Instead, unexpected technical breakthroughs resulted in extremely accurate munitions that can be dropped from high altitude by bombers, at less cost and risk than using low-flying fighters. The result has been that during the Afghanistan and second Iraq campaigns, most of the air punch has been delivered by a handful of the remaining bombers. Some 80 percent of the bombs dropped during the U.S. seizure of Afghanistan fell from bombers; the share dropped on Iraq since March 2003 is nearly as high. Though bombers have in this decade turned out to be far more important to U.S. military action than Pentagon strategists expected, the government still plans to invest fantastic amounts of money in fighter planes that would be used mainly to drop bombs.


The one useful thing the Democrats could do were they serious about their ideas rather than just a coalition of interest groups is cease funding both.

Posted by Orrin Judd at April 2, 2007 8:14 AM
Comments

Once the fast movers have achieved total air supremacy, a small number of bombers is sufficient for the subsequent demolitions.
Besides, what else would we spend the money on, choo-choo trains?

Posted by: Lou Gots at April 2, 2007 10:09 AM

Two words, cruise missle.

Posted by: pchuck at April 2, 2007 10:10 AM

Are we really going to let the flyboys built new toys at $250 mil a copy?

Posted by: curt at April 2, 2007 11:01 AM

Two words, cruise missle...
directed by UAVs

Posted by: ic at April 2, 2007 11:58 AM

Easterbrook is being disingenuous here.

The B1 was mothballed because it is too slow for updated air defenses and provides no additional capability to offset that risk. That's why the B2 was built. Rumsfeld was right to mothball them and right to focus on fast fighters, smart munitions and the use of precision bombing when and where practical by the B2s.

At some point UCAVs will dominate. But there are a lot of technical issues between now and then, not to mention legal ones, plus the rising chinese military force to balance.

Posted by: molon labe at April 2, 2007 12:08 PM

The rising Chinese are like the mighty Soviet Union and Saddam's WMD, the product of feverish imaginations.

Posted by: oj at April 2, 2007 12:29 PM

Contra OJ, we need both new fighters and new bombers. These might well be our last generation of piloted combat planes, but we need them until the UCAVs are ready.

Posted by: PapayaSF at April 2, 2007 12:33 PM

No, not feverish imaginations, rational folks with a vested interest in a big, bad conventional enemy -- the CIA, Admirals, Generals, Lockheed, Boeing etc.

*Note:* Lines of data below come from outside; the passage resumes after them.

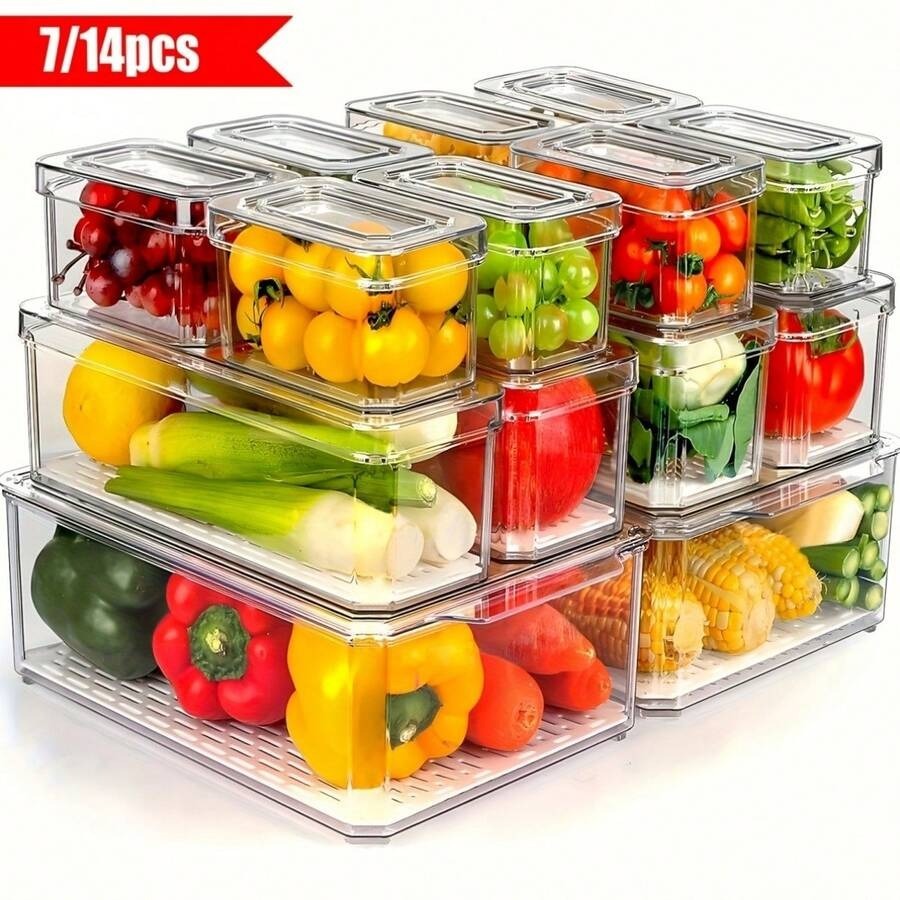 Food Packed Snacks - 7/14 Pack Stackable Fridge Organizer Bins
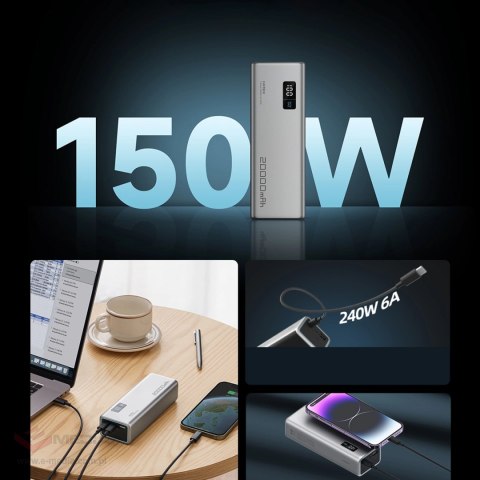 Powerbank Cuktech P+Series No.15 150W 20000mAh - szary
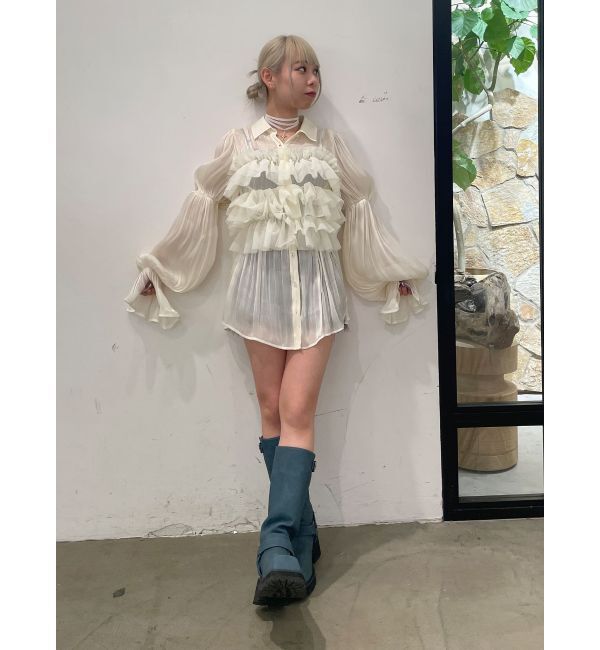 jouetie「ボリュームスリーブシアーシャツ」|シャツ・ブラウス|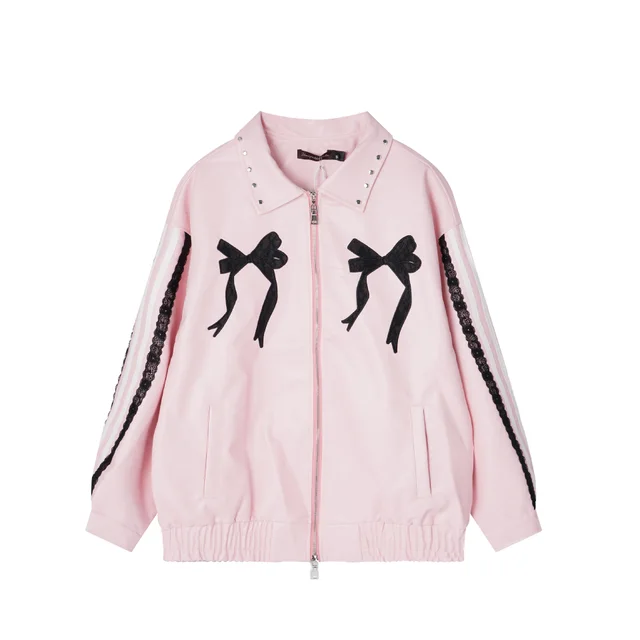 Beautiful Girl Embroidery Leather Jacket Coat Pink - Shop at LoveMi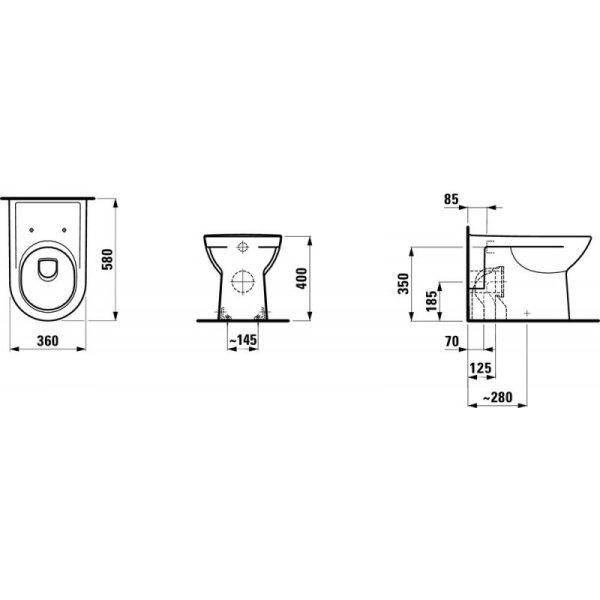 8.2295.1.000.000.1 Унитаз пристенный PRO Laufen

Posted by: curt at April 2, 2007 1:33 PM

If the generals have themn they use them and thereby botch the war.

Posted by: oj at April 2, 2007 3:29 PM

I stopped reading when I saw "Easterbrook."

This the guy who wrote that the F-117A is faceted, but the B-2 smooth, because they were designed based on different theories of stealth. (No, the B-2 was designed on the same theory, but with more powerful computers.)

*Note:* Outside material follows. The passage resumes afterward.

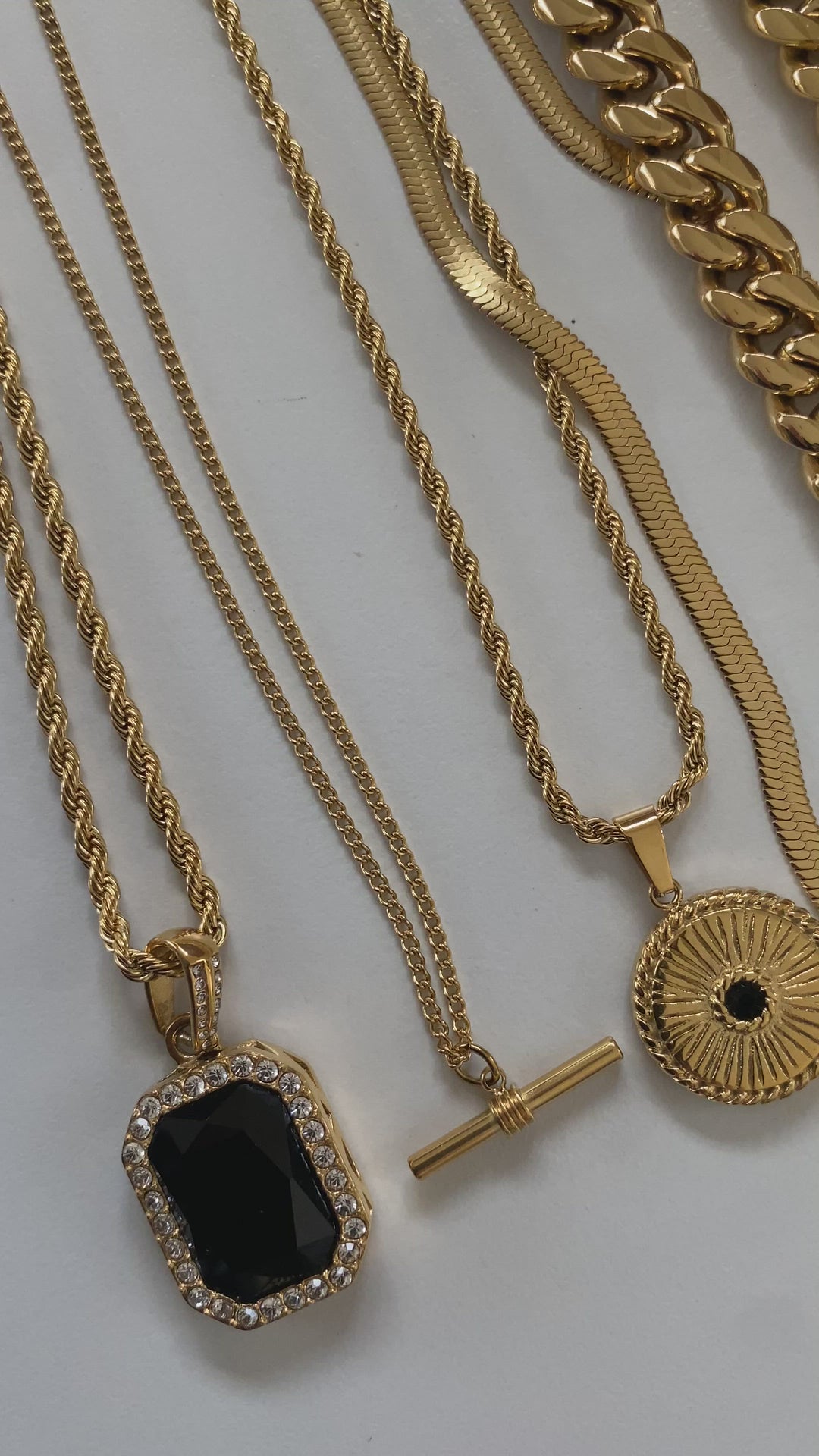 18K Gold Plated - Statement Stone Pendant Necklace (2 colours)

During the first Gulf war, he concluded that stealth and precision guided munitions were overrated because unstealthy aircraft and dumb bombs were having lots of success too. (The idea that the aircraft and weapons were matched to the target must have made his eyes glaze over.)

Life is too short for me to waste any more time reading Gregg Easterbrooks's opinions on modern air warfare.